Your copy must hold all of the data below, unchanged and without images.

*** Opening of Data ***

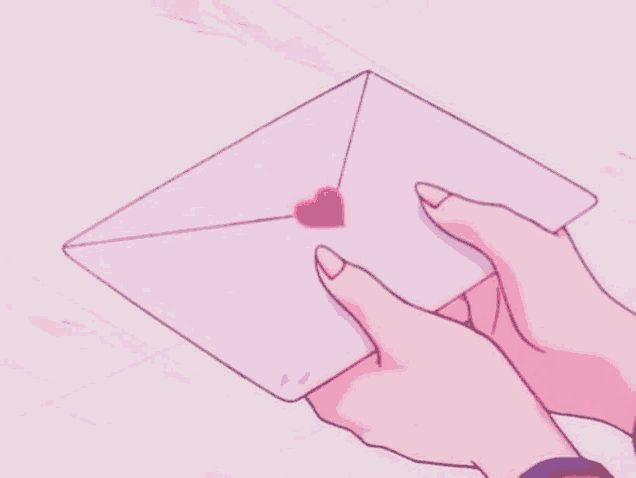 a person is holding a pink envelope with a pink heart on it .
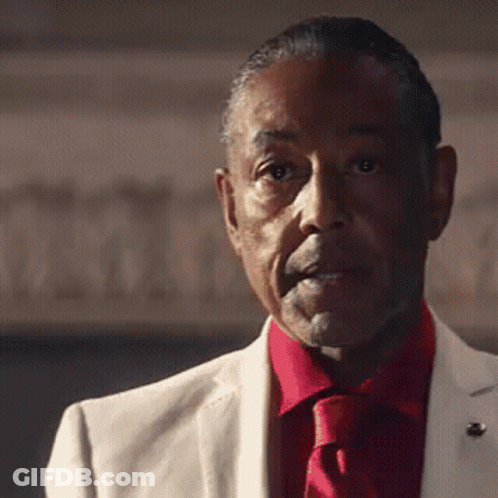 A Man In A White Suit And Red Tie Is Looking At The Camera GIF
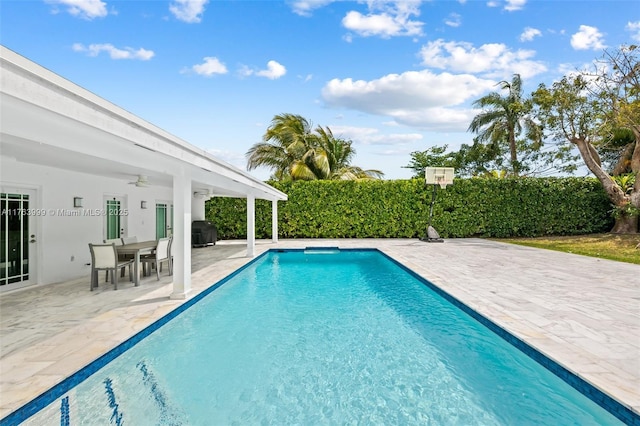 view of pool with outdoor dining space, a ceiling fan, grilling area, a fenced in pool, and a patio area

*** Close of Data ***

Your solution:
 a person is holding a pink envelope with a pink heart on it .
 A Man In A White Suit And Red Tie Is Looking At The Camera GIF
 view of pool with outdoor dining space, a ceiling fan, grilling area, a fenced in pool, and a patio area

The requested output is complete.